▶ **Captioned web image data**
══════════════════════════════

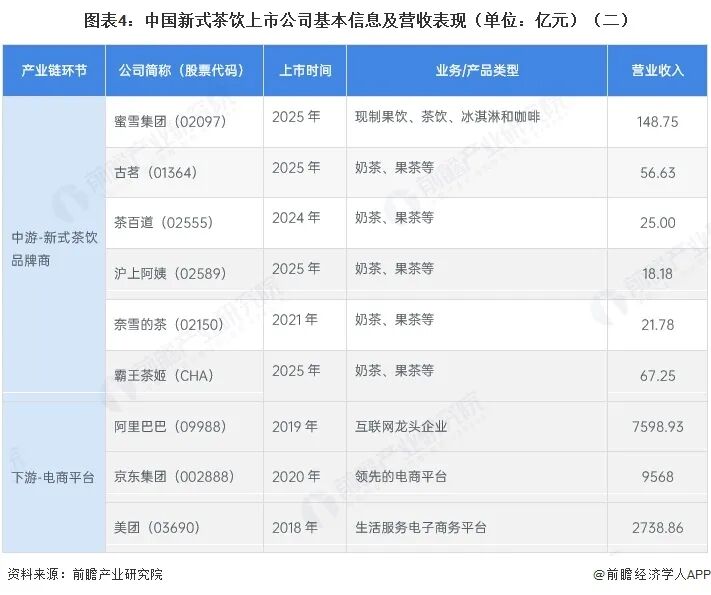 【全网最全】2026年新式茶饮行业上市公司全方位对比（附业务布局汇总、业绩对比、业务规划等）图6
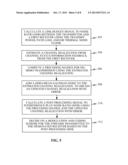 SCHEDULING ALGORITHMS FOR IEEE 802.11 MULTI-USER (MU) MULTIPLE-INPUT     MULTIPLE-OUTPUT (MIMO) COMMUNICATION SYSTEMS diagram and image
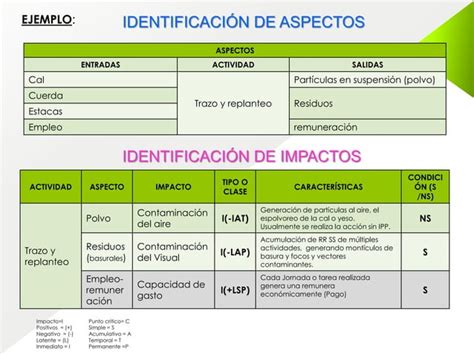 IdentificaciÓn De Aspectos E Impactos Ambientales Ppt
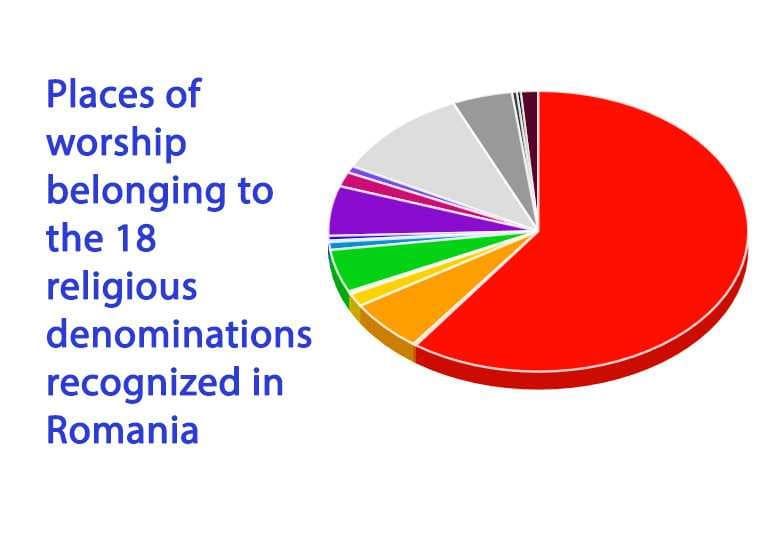 places of worship in Romania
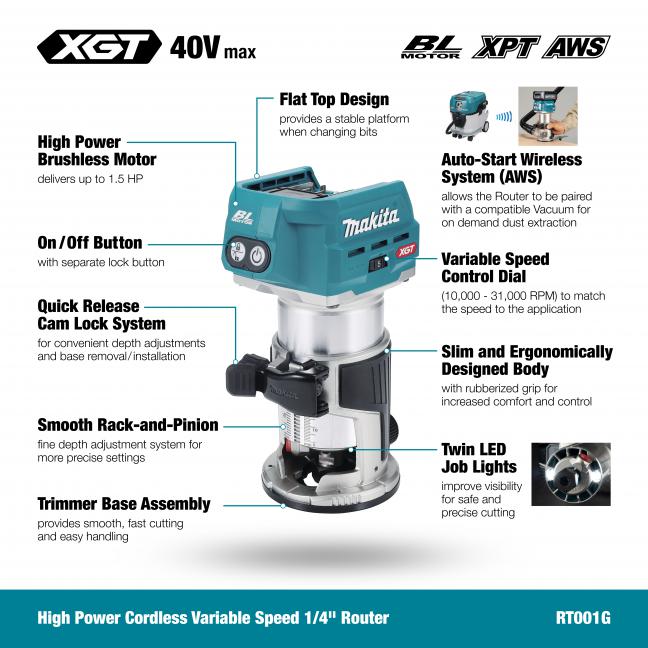 Makita 40Vmax XGT Brushless Router w/AWS, Tool Only RT001GZ01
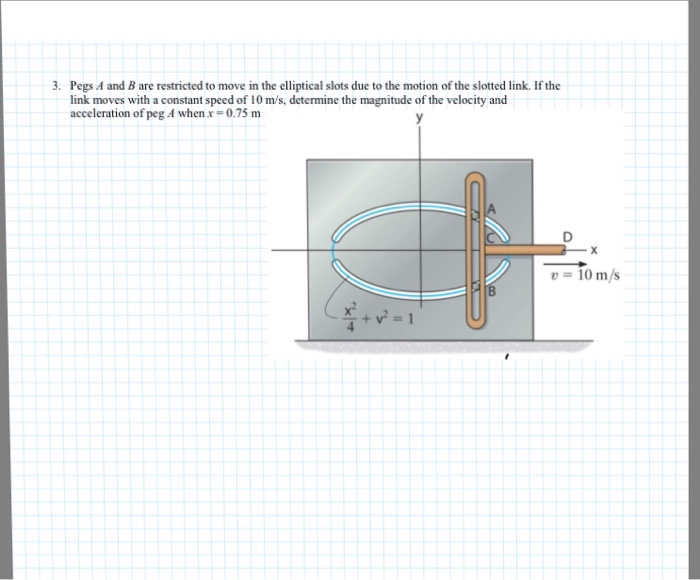 Restricted slott slots pegs elliptical due homeworklib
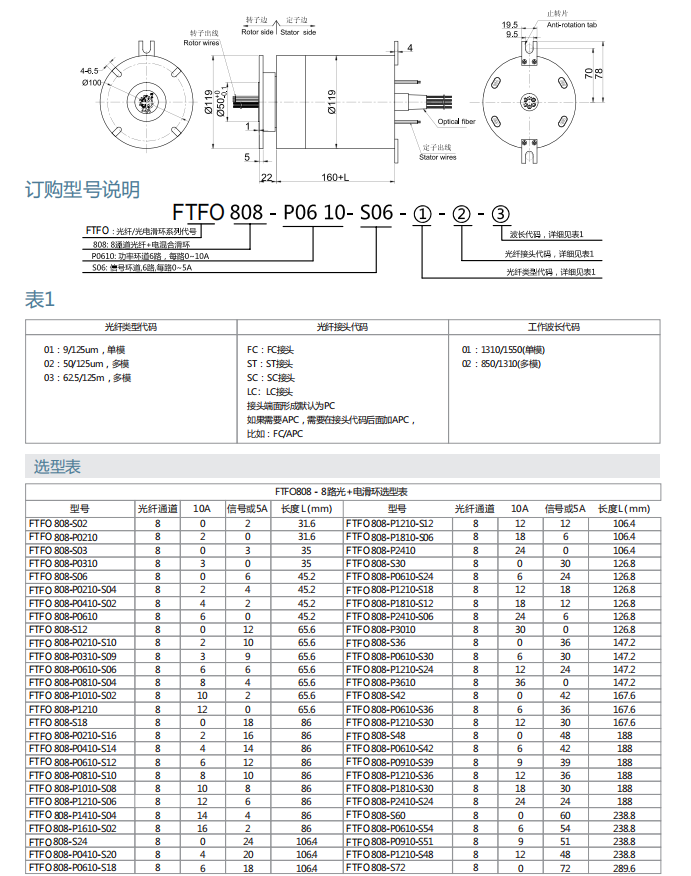 乐天堂fun88·(中国)官方网站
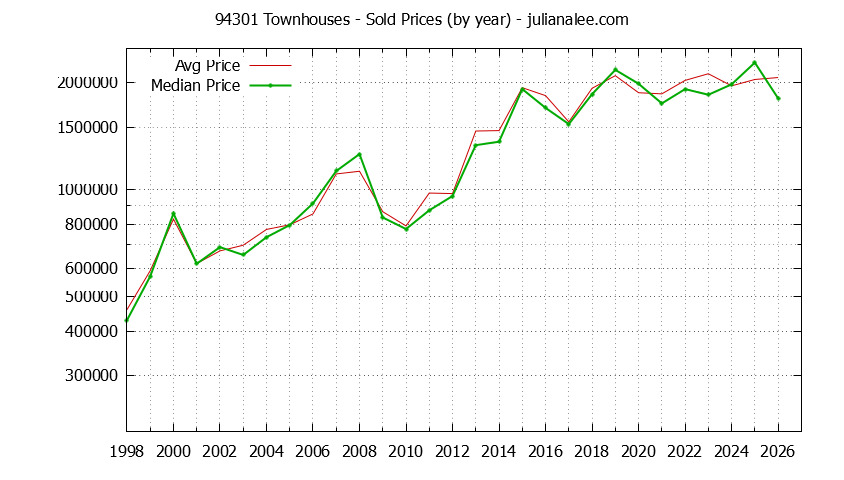 Graph of the Yearly Median and Average 94301 Home Prices for Townhouses - 94301 Real Estate Trends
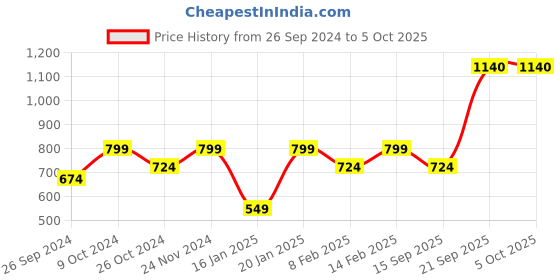 myntra.com MM-21 Men Jean Regular Fit Light Fade Jeans mm-21 Price History Graph from 26 Sep 2024 to 5 Oct 2025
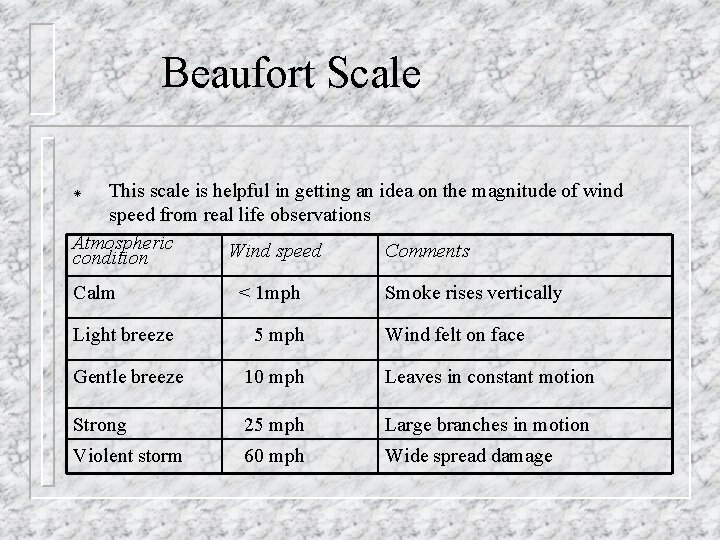 Beaufort Scale This scale is helpful in getting an idea on the magnitude of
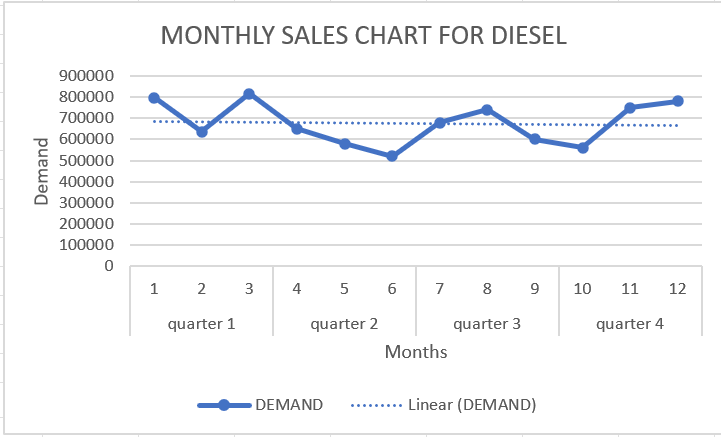 Is there a constant and trend pattern or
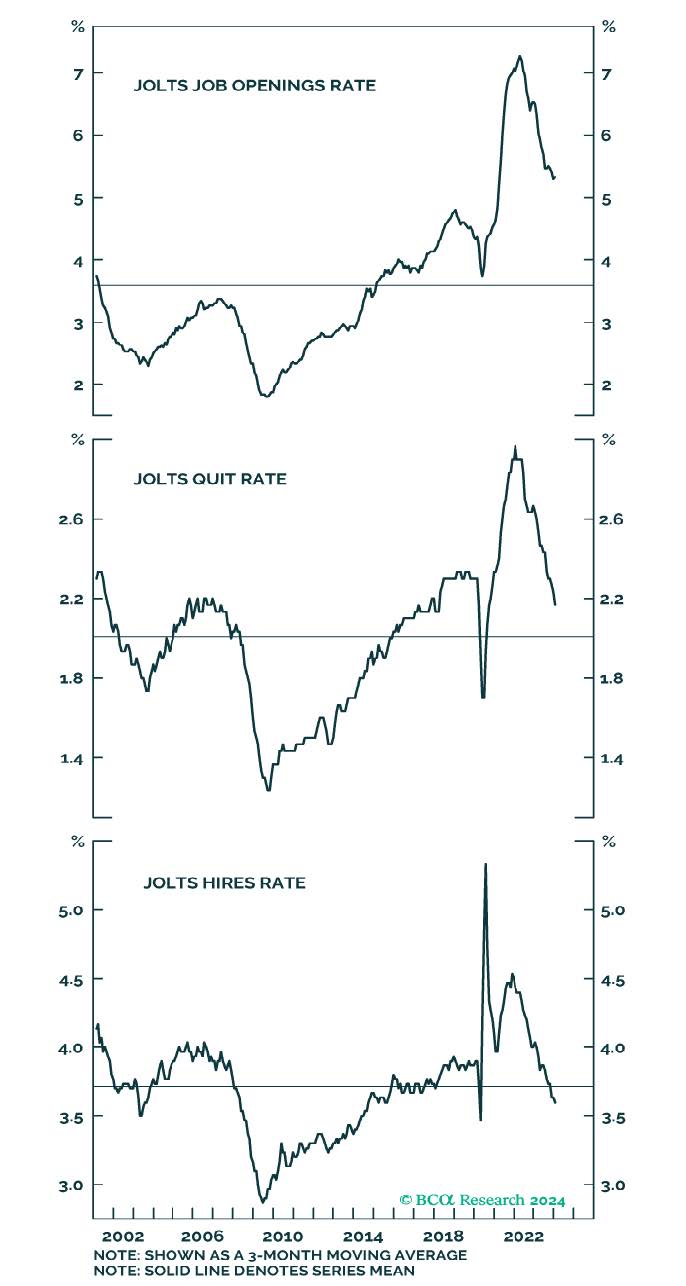 Leading Indicators of Labour Demand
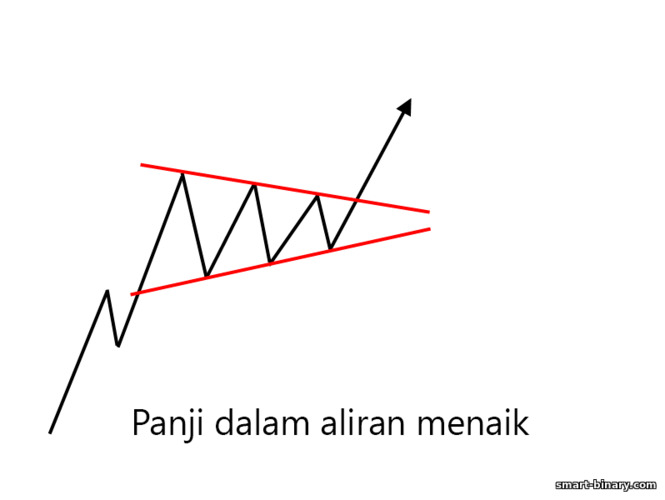 panji dalam aliran menaik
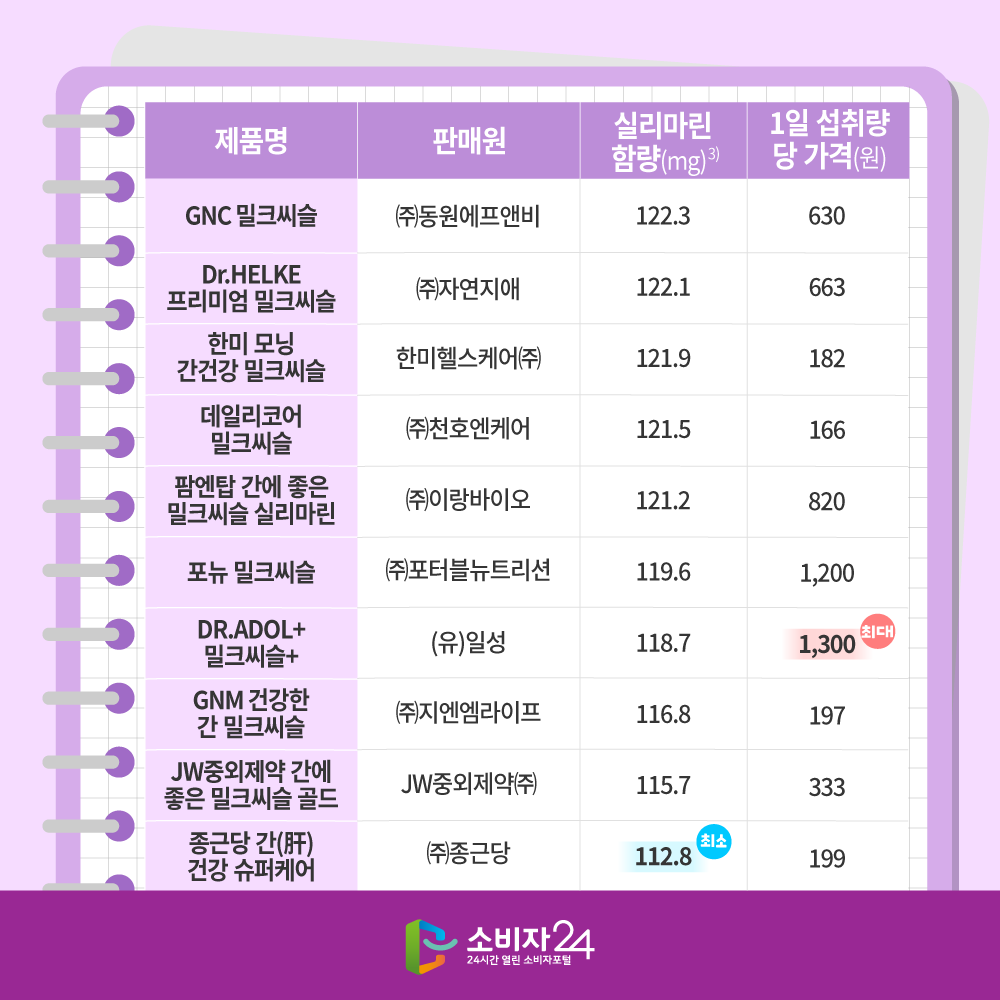 제품명 판매원 실리마린 함량(mg) 1일 섭취량 당 가격(원) 순서. GNC밀크씨슬 (주)동원에프앤비 122.3 630 Dr.HELKE 프리미엄 밀크씨슬 (주)자연지애 122.1 663 한미 모닝 간건강 밀크씨슬 한미헬스케어(주) 121.9 182 데일리코어 밀크씨슬 (주)천호엔케어 121.5 166 팜엔탑 간에 좋은 밀크씨슬 실리마린 (주)이랑바이오 121.2 820 포뉴 밀크씨슬 (주)포터블뉴트리션 119.6 11200 DR.ADOL+밀크씨슬+(유)일성 118.7 1300최대 GNM건강한 간 밀크씨슬 (주)지엔엠라이프 116.8 197 JW중외제약 간에 좋은 밀크씨슬 골드 JW중외제약(주) 115.7 33 종근당 간(奸) 건강 슈퍼케어 (주)종근당 112.8 최소 199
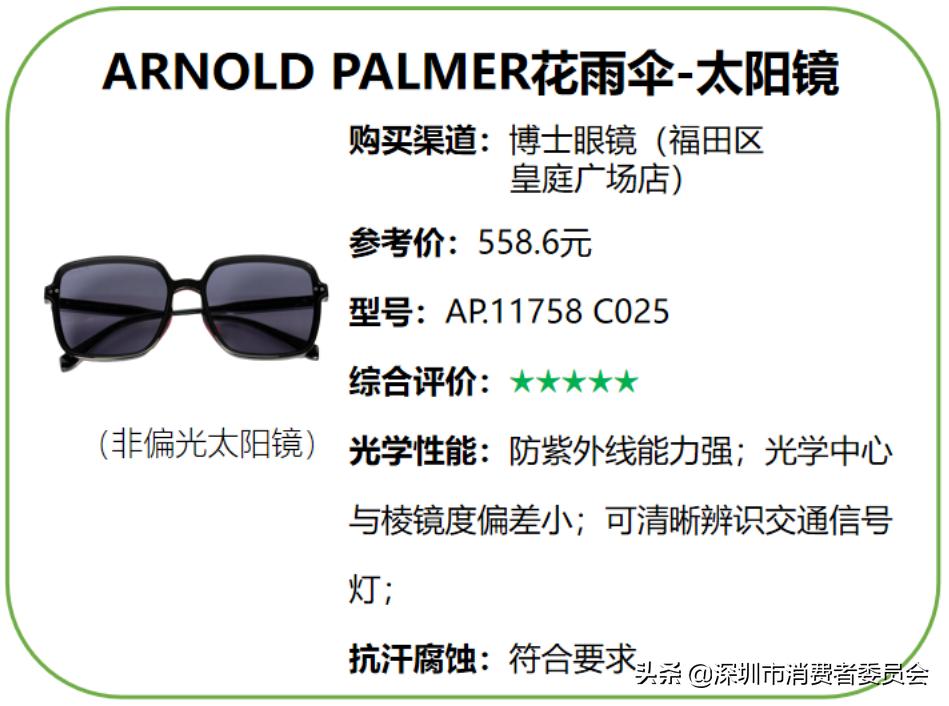 18年最流行的太阳眼镜排名,2023年平价好用的太阳眼镜测评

══════════════════════════════

▶ **Requirement**
Return an exact copy of the data above, apart from any pictures.

▶ **Answer box**
 【全网最全】2026年新式茶饮行业上市公司全方位对比（附业务布局汇总、业绩对比、业务规划等）图6
 SCHEDULING ALGORITHMS FOR IEEE 802.11 MULTI-USER (MU) MULTIPLE-INPUT     MULTIPLE-OUTPUT (MIMO) COMMUNICATION SYSTEMS diagram and image
 IdentificaciÓn De Aspectos E Impactos Ambientales Ppt
 places of worship in Romania
 Makita 40Vmax XGT Brushless Router w/AWS, Tool Only RT001GZ01
 Restricted slott slots pegs elliptical due homeworklib
 乐天堂fun88·(中国)官方网站
 Graph of the Yearly Median and Average 94301 Home Prices for Townhouses - 94301 Real Estate Trends
 myntra.com MM-21 Men Jean Regular Fit Light Fade Jeans mm-21 Price History Graph from 26 Sep 2024 to 5 Oct 2025
 Beaufort Scale This scale is helpful in getting an idea on the magnitude of
 Is there a constant and trend pattern or
 Leading Indicators of Labour Demand
 panji dalam aliran menaik
 제품명 판매원 실리마린 함량(mg) 1일 섭취량 당 가격(원) 순서. GNC밀크씨슬 (주)동원에프앤비 122.3 630 Dr.HELKE 프리미엄 밀크씨슬 (주)자연지애 122.1 663 한미 모닝 간건강 밀크씨슬 한미헬스케어(주) 121.9 182 데일리코어 밀크씨슬 (주)천호엔케어 121.5 166 팜엔탑 간에 좋은 밀크씨슬 실리마린 (주)이랑바이오 121.2 820 포뉴 밀크씨슬 (주)포터블뉴트리션 119.6 11200 DR.ADOL+밀크씨슬+(유)일성 118.7 1300최대 GNM건강한 간 밀크씨슬 (주)지엔엠라이프 116.8 197 JW중외제약 간에 좋은 밀크씨슬 골드 JW중외제약(주) 115.7 33 종근당 간(奸) 건강 슈퍼케어 (주)종근당 112.8 최소 199
 18年最流行的太阳眼镜排名,2023年平价好用的太阳眼镜测评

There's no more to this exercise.